Renzo Mongiardino, Casa Versace (foto di Massimo Listri)
Renzo Mongiardino, Casa Versace (foto di Massimo Listri)

Il diffondersi di idee preconcette, di immagini colte astrattamente, conduce a mode tanto effimere quanto inconsistenti; come accade oggi con il finto-marmo, che vedo usare in modo sempre più acritico e indiscriminato. Ma potrei citare molti altri esempi. Ricordo che nei primi anni ’60, quando si andava da Haas, o da un qualsiasi altro rivenditore, oltre ai damaschi tradizionali, si trovavano soltanto quei tessuti tristissimi allora in voga: materiali che dal grigio al beige passavano al pisello secco, al rosa sporco e a tutta una gamma di colori senza vita. Fortunatamente in quegli anni incominciò a essere commercializzata anche in Europa una piacevole produzione di mezzeri indiani stampati a mano con brillanti colori vegetali: fu come un risveglio e fui tra i primi ad adoperarli, talvolta non senza difficoltà di convincimento. Ben presto però l’abitudine si diffuse e se ne abusò enormemente, così che oggi quando provo a riproporli mi si obietta che sono passati di moda, ma certamente ciò non mi distoglie dal continuare a usarli.
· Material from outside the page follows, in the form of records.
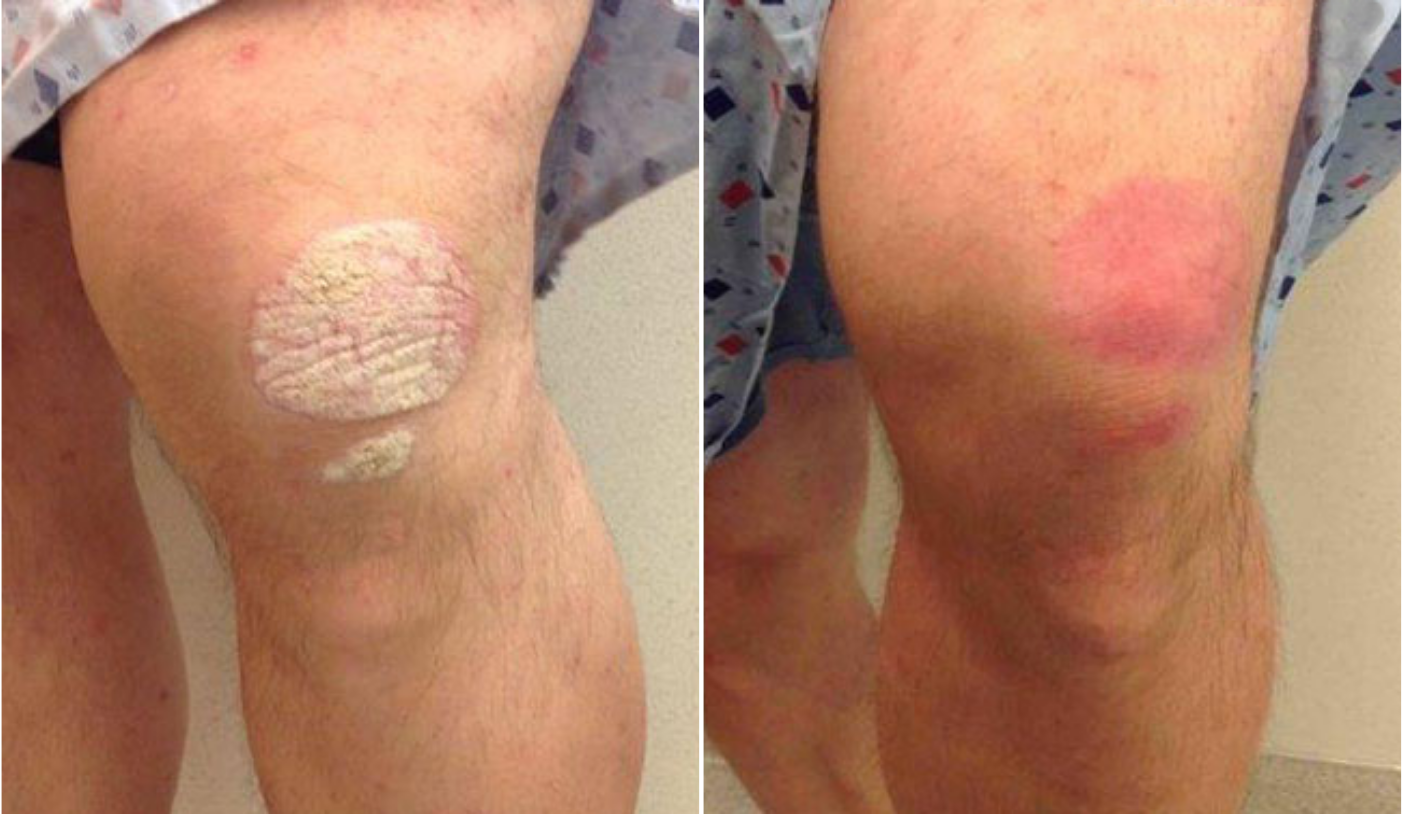 Psoriasis - Before & Afters
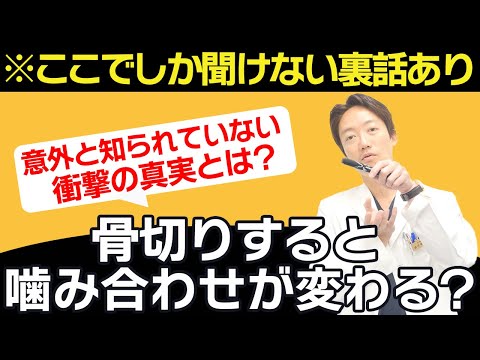 【意外と知らないことが発覚】骨切りによる嚙み合わせについて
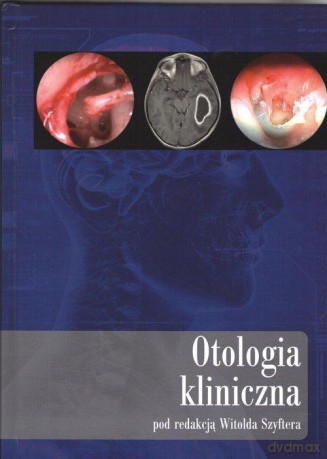 Otologia kliniczna [KSIĄŻKA]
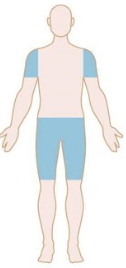 <p>Myopathy</p>
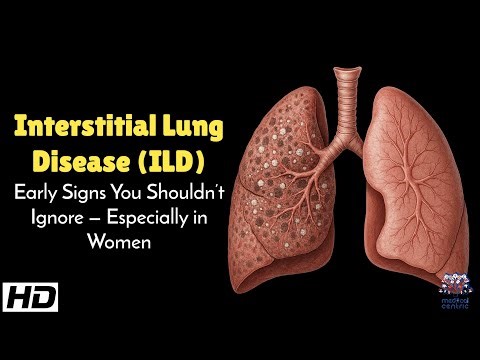 Interstitial Lung Disease (ILD) Early Signs You Shouldn’t Ignore : Especially in Women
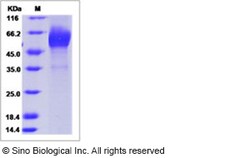 Sino Biological Human CALCR / Calcitonin receptor Protein (Fc Tag) 100ug,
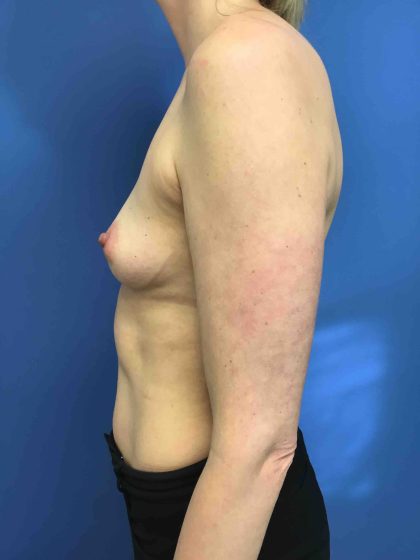 Breast Augmentation Before & After Patient #678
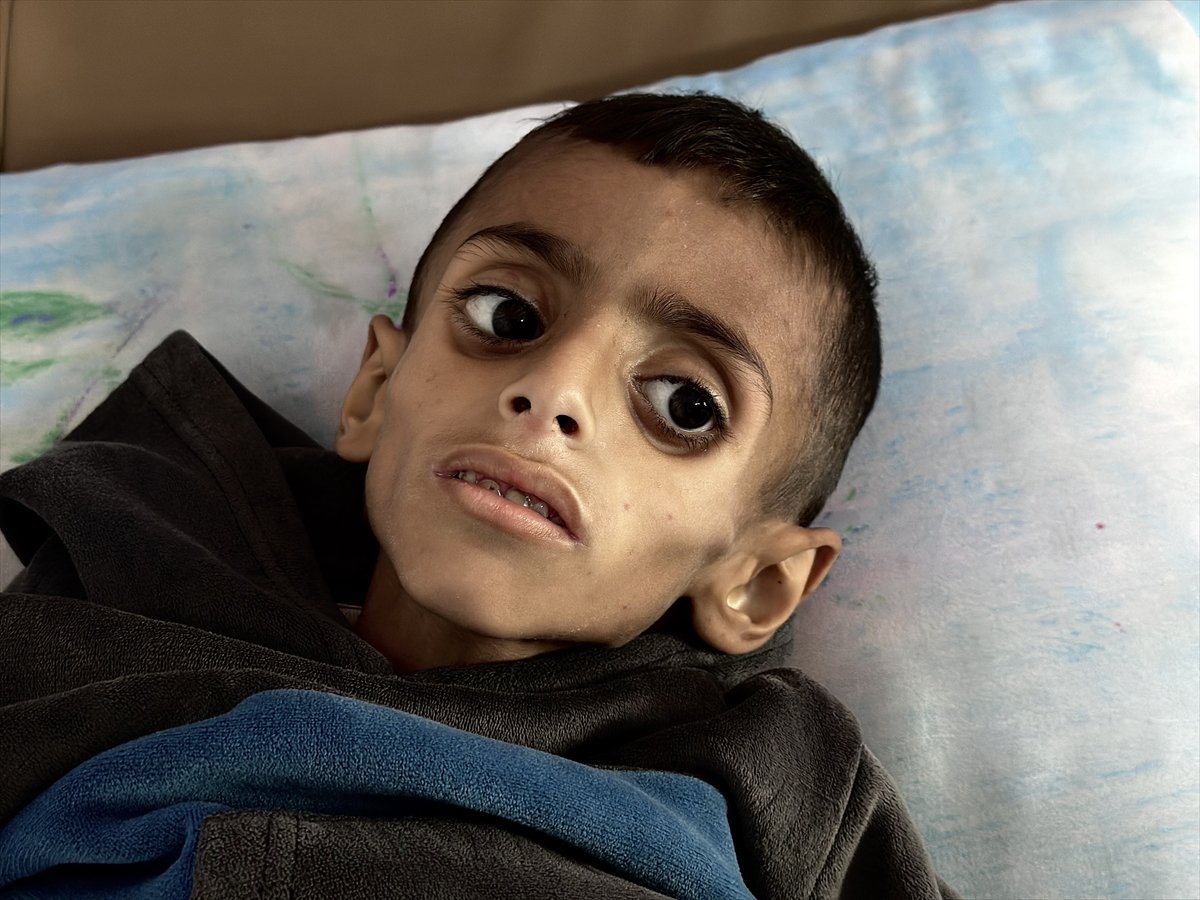 Gazze'de çocukların yetersiz beslenme vakaları giderek artıyor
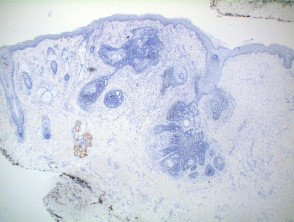 Trichoepithelioma pathology, Ber-EP4 stain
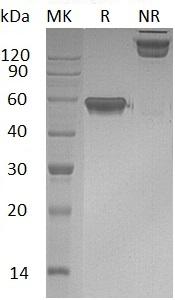 Human TNFRSF9/CD137/ILA (Fc & His tag) recombinant protein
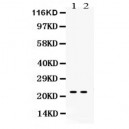 Lipocalin 2  Antibody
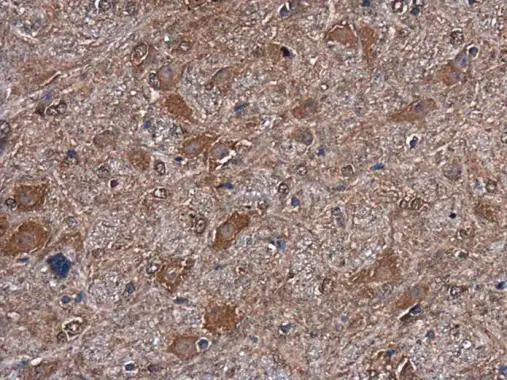 mTOR antibody [GT649] detects mTOR protein at cytoplasm in mouse brain by immunohistochemical analysis. Sample: Paraffin-embedded mouse brain. mTOR antibody [GT649] (GTX630198) diluted at 1:100. 
 Antigen Retrieval: Citrate buffer, pH 6.0, 15 min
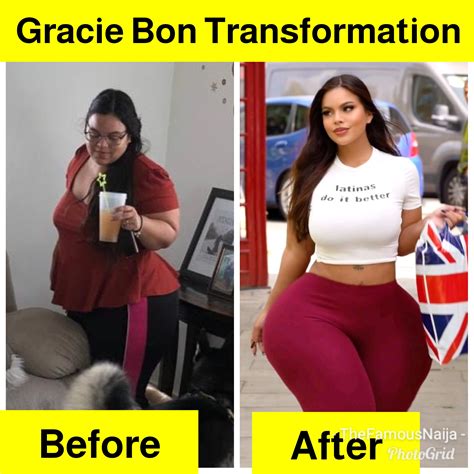 Gracie Bon Biography Wikipedia Age Pictures Husband Surgery Before Amp After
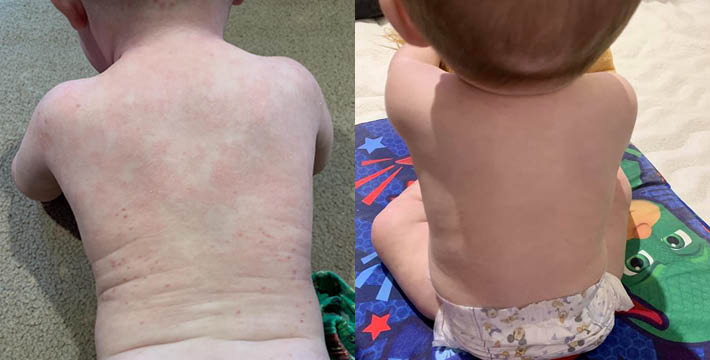 Amazing Eczema Before And Afters Salts Of The Earth 8743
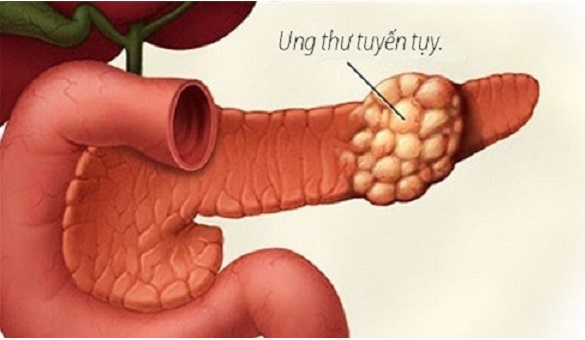 Người đ&agrave;n &ocirc;ng 30 tuổi bất ngờ ph&aacute;t hiện ung thư tụy từ dấu hiệu nhiều người Việt mắc phải - Ảnh 2.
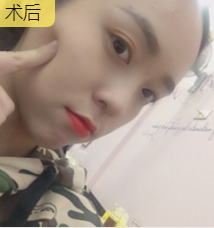 双眼皮手术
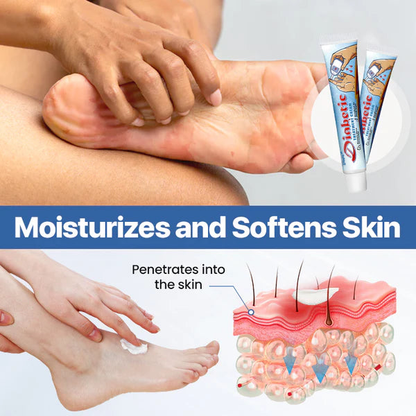 🥰𝑶𝒇𝒇𝒊𝒄𝒊𝒂𝒍 𝑺𝒕𝒐𝒓𝒆 |Final 2 hours 60% OFF:👩‍⚕️ZVAEVO® Diabetes Treatment Cream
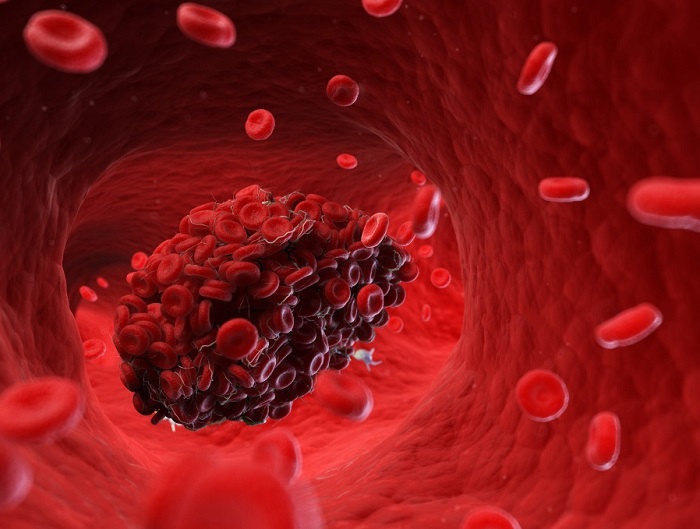 Chronicmeet's tweet photo. Using cutting-edge technology, a new tool was developed that was able to distinguish different types of blood clots based on what caused them - https://t.co/xmRa83APis

#chronicillness #hematology #Blood #COVID19 #research https://t.co/kFVjm3LlNt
Noto con disappunto che la tendenza a considerare la casa alla stregua di un abito, di un paio di scarpe o di un’automobile è sempre più diffusa anche tra coloro che maggiormente investono in essa. Perché una casa non sia destinata all’instabilità o a trasformarsi in una sorta di museo senza vita, bisogna che il tempo le permetta di maturare e di assestarsi in base alle esigenze di chi la abita. Il luogo comune sul mio lavoro rimanda immancabilmente al gusto scenografico dei film di Visconti, e in effetti non posso negare che talvolta mi si chieda di provvedere a tutto, dalla scelta dei mobili fino alla collocazione dei posacenere, eppure il mio maggiore interesse è rivolto alla forma dello spazio interno, e più in particolare al modo in cui la luce e le superfici che la riflettono ci permettono di percepirlo. Leon Battista Alberti, con una semplicità di cui non siamo più capaci, mette in guardia dalle finestre troppo basse perché, egli dice, danno luce alle gambe mentre lasciano in penombra la zona che dovrebbe essere meglio illuminata; è il caso delle finestre a nastro che, con la loro lama di luce, tagliano in due lo spazio impedendone ogni possibile valorizzazione in senso plastico.

Renzo Mongiardino (foto Penn)
Renzo Mongiardino (foto Penn)

L’interesse per l’antico non nasce quindi da un desiderio nostalgico di gareggiare con esso, ma dalla convinzione che le cose del passato, se amate, possano continuare a vivere di vita propria e in questo contribuire a rendere il mondo contemporaneo, se non migliore, in qualche modo meno ostile.

 

Questo testo, scaturito da una conversazione con Stefano Fera, è comparso, con il titolo Un modo di intendere l’antico, in «Abitare», 330, giugno 1994, pp. 133-135.